The answer to this problem may lie in the diminutive .22 pistol. Now, the .22 long rifle round will never be my first choice for a defensive weapon. It may be a man-killer, killing more people every year than any other cartridge, but it’s not a man-stopper, which is what you need in a defensive situation. You want something that’s going to knock a man down right now, not an hour from now when he finally dies of internal bleeding in his apartment. However, in this particular situation, when you’re dealing with a new shooter who’s intimidated by a gun, you have to modify your approach. A .22 pistol fits the bill for three reasons.

It’s better than nothing. Although it’s small, it’s still a gun. It’s still loud, and it still launches small pieces of lead at a person’s vital bits. You’re not dealing with the Terminator, here. Most aggressors, when merely faced with an armed defender, will withdraw rather than push a bad situation. My wife just has to hold the  bedroom, not a FOB in Afghanistan. Combined with the right plan, the right ammo  and the right aimpoint, a .22 will be adequate. Not ideal, just adequate… barely.

She’ll want to practice with it. If the problem you’re having with a handgun is the recoil, then remove the recoil. Lots of people who want to shoot are put off by the recoil in a small, powerful handgun. Among them is Washington Times’ Emily Miller, who is currently blogging her battle with the Washington, D.C. bureaucracy in getting a legal handgun. In the entry where she first learns to shoot, she starts with a .22, which she likes, but when she moves to a more powerful .40 handgun, she doesn’t like it at all and wants to go back to the .22.

“BOOM. BOOM. I did not like this. My hand hurt. The explosion on each shot scared me. I shot until there were no more bullets and didn’t get a single one in the red of the target. I put the gun down.

“That’s it, I’m done with it. I want to go back to the .22,” I said. I finished off two more rounds and got good grouping with the last one. I was thrilled.”

I’ll be honest with you, .22’s are fun to shoot. They’re cheap to feed and there’s almost no recoil giving you an ache in your wrists like with my .357. As a matter of fact, a lot of people who own a .357 practice with .38 Specials for exactly those two reasons. If there’s no negative to practicing, then a person will want to practice more, and that brings me to the third reason…

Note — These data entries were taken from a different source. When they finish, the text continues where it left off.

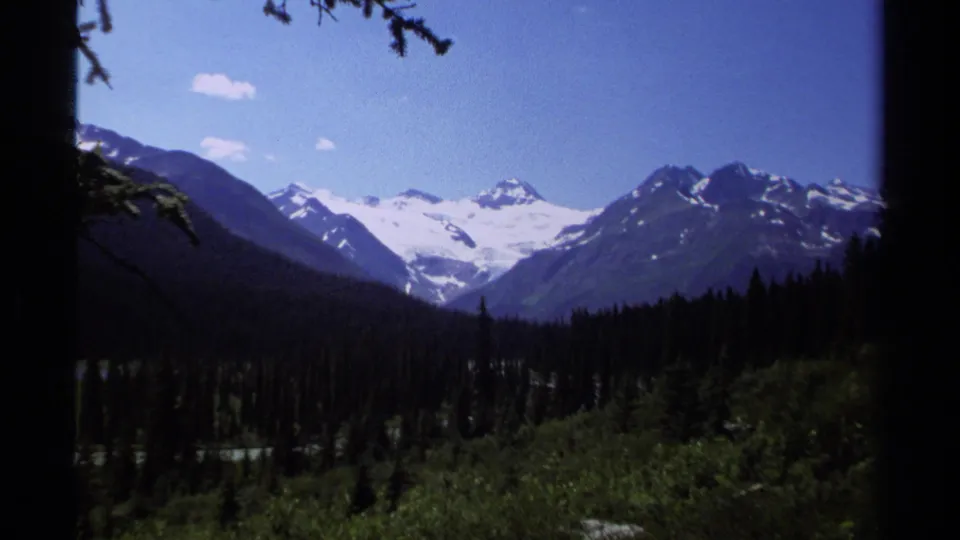 1979 8mm view of British Columbia snow-capped mountains and glaciers beyond a dark evergreen valley.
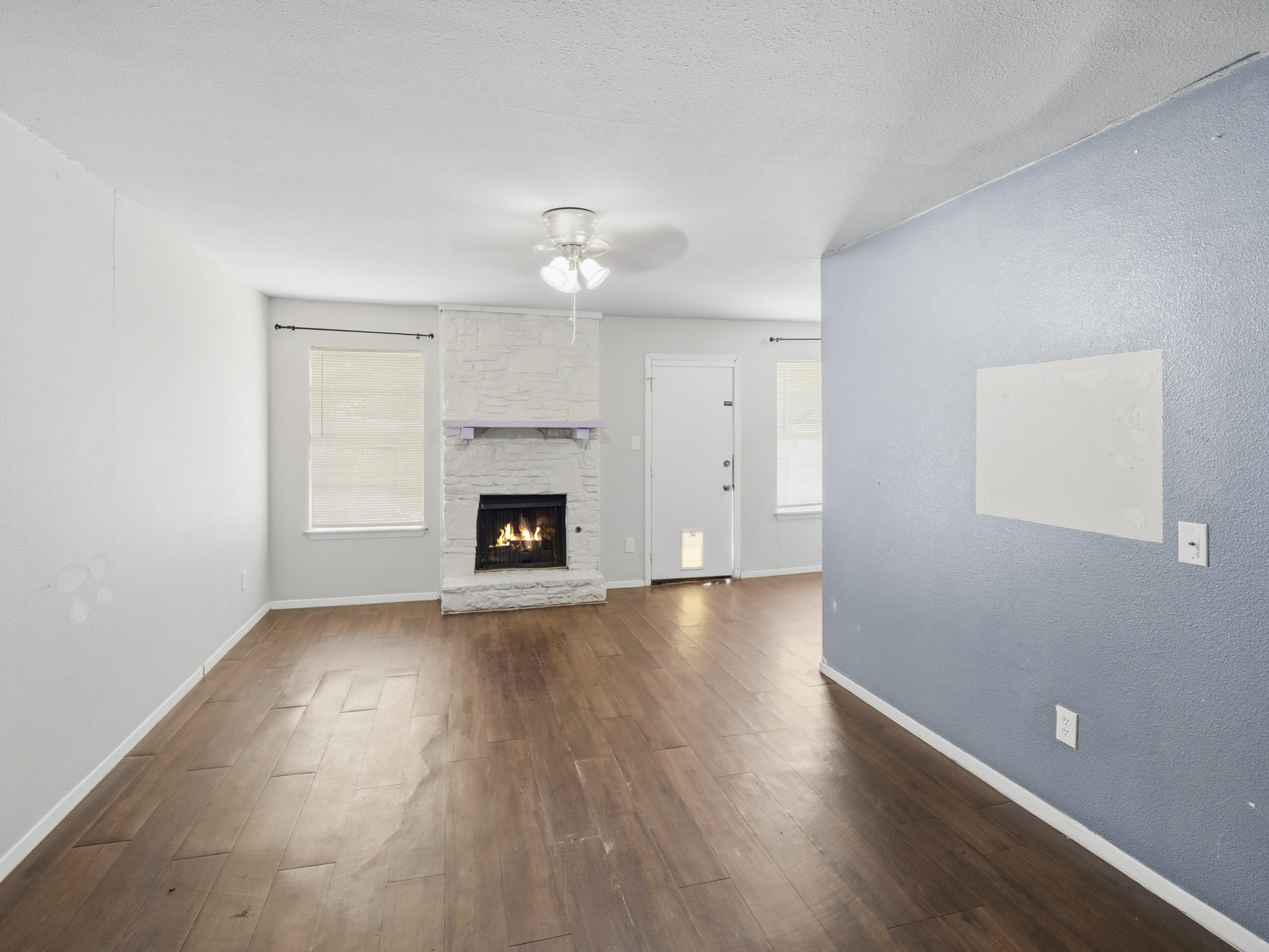 2401 Burleson Road Austin, TX 78741 - Photo 15 of 25 A cozy living space features rich wood flooring and a stone-clad fireplace, perfect for tranquil evenings.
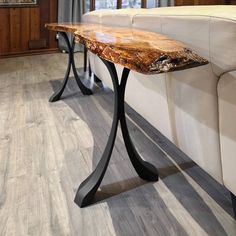 a wooden table sitting on top of a living room floor next to a white couch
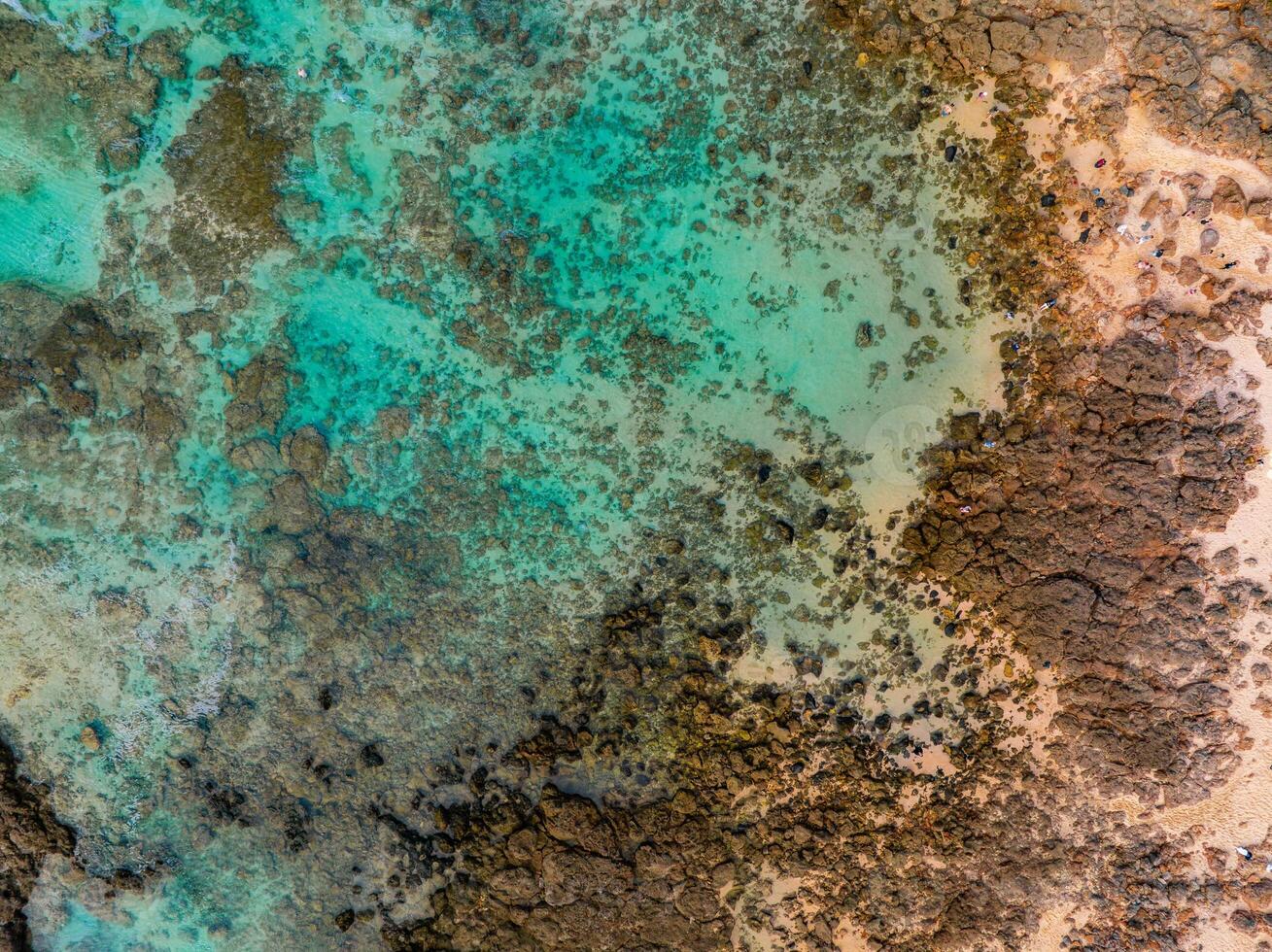 Aerial View of Coastal Waters and Rocky Terrain on Oahu Island, Hawaii photo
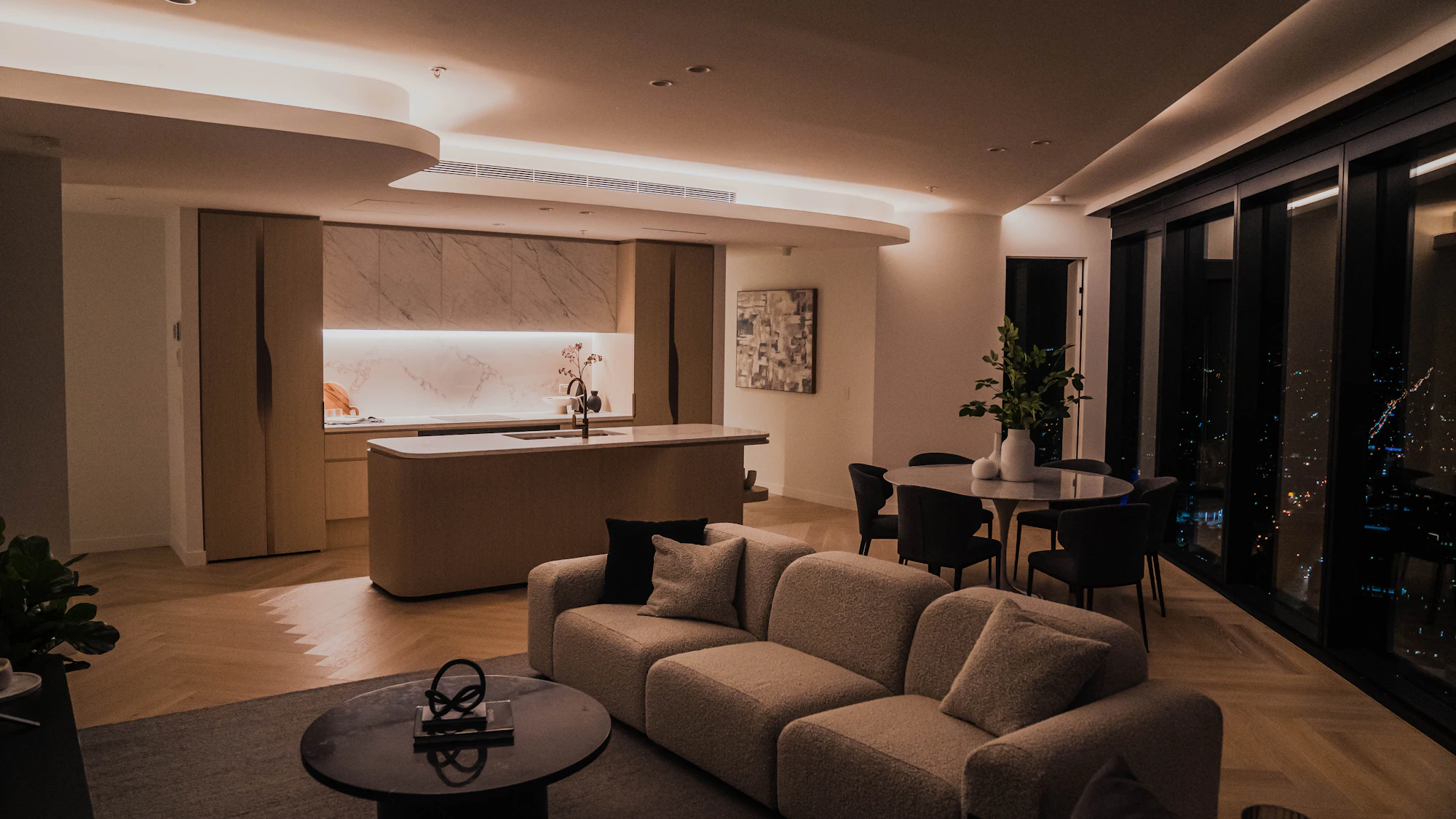 Open-plan living room with warm cove lighting at dusk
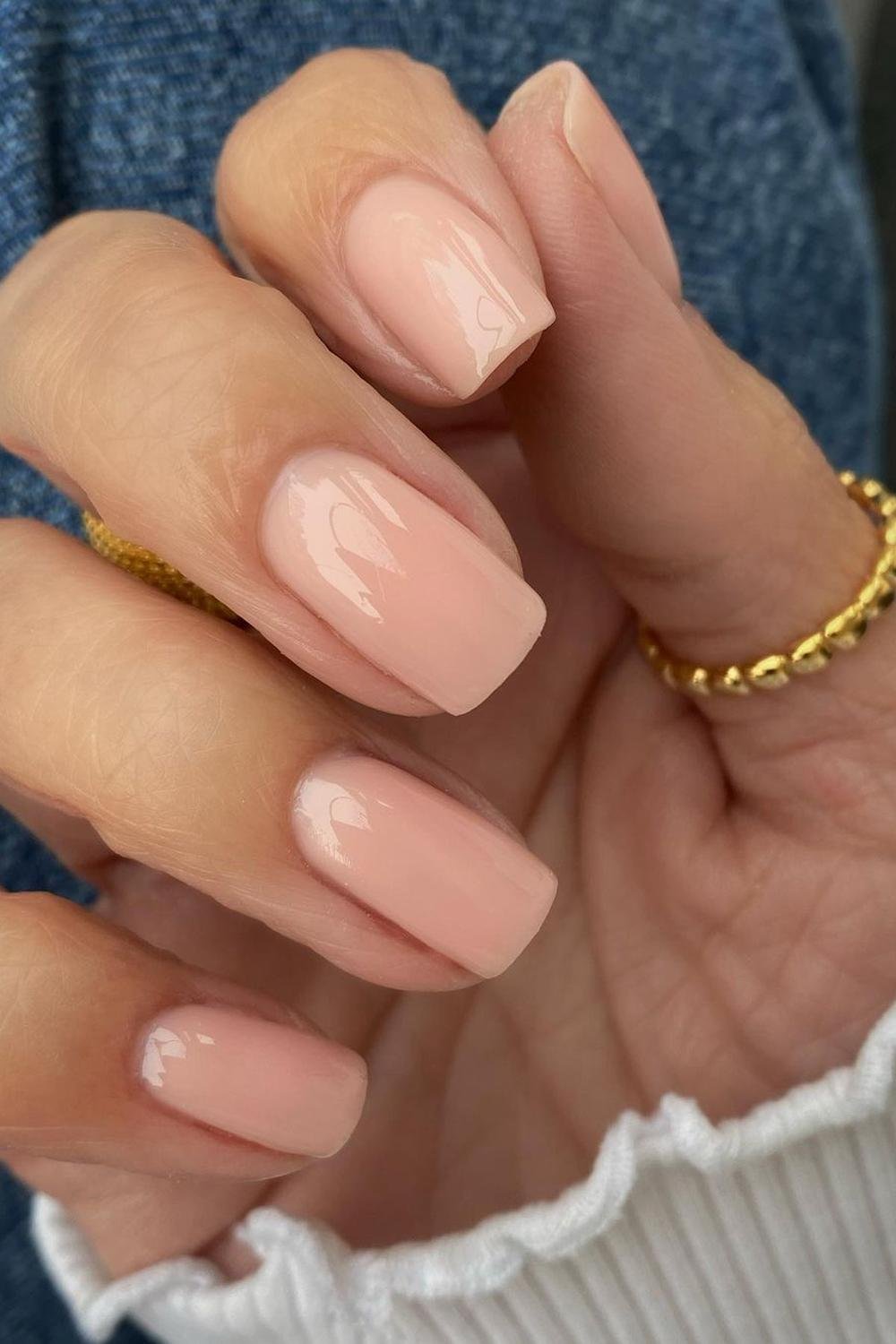 Nude chrome nails almond in winter style with natural chrome and milky brown long nails.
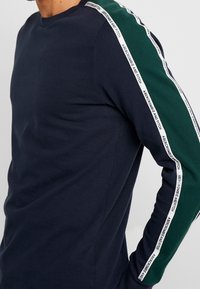 Navyblaues Langarmshirt mit grünen und weißen gestreiften Akzenten an den Ärmeln, mit Logotext und rundem Halsausschnitt.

It’s a gateway gun. You know how pot is always referred to as a “gateway drug,” because it leads a person to using harder drugs? A .22 is the same way. Shooting a .22 lets a new shooter get comfortable with the fundamentals and learn the rules without having to worry about a sore shoulder or wrist. When I first introduced my wife to firearms, she was of the opinion (being a liberal city girl with no experience with firearms) that guns were “icky,” so I started her with my father’s .22 rifle, which she ended up loving so much that I had to buy it for her. Imagine if I had started her with a .308. A .22 pistol can serve the same function. As a matter of fact, there are a lot of .22 pistols out there that mimic larger caliber guns. The SIG Mosquito and Walther P-22 are two examples. Teh Noob will be thrilled, I’m sure, to learn that the 1911 can be bought in .22, and Ruger recently introduced the .22 22/45 pistol, which incorporates a grip the same size and configuration as the 1911 for people who want to practice with a .22 that feels like a .45 in their hands.

If it were up to me, my I’d only leave my wife home alone with a weapon that hits a person so hard it knocks them back in time. But I also know she’s not going to go for that and that if I push her, she’s going to resent it and hate it and only do enough to convince me that she knows how to use it. That’s not enough. For one thing, I don’t want my wife to have to practice something she hates, and two, she will need to practice to become proficient.  A .22 pistol lets her practice with a more comfortable weapon until she’s ready to graduate to something bigger. And even if she doesn’t graduate to something bigger, a .22 is still far and away better than hitting a home invader with a lamp.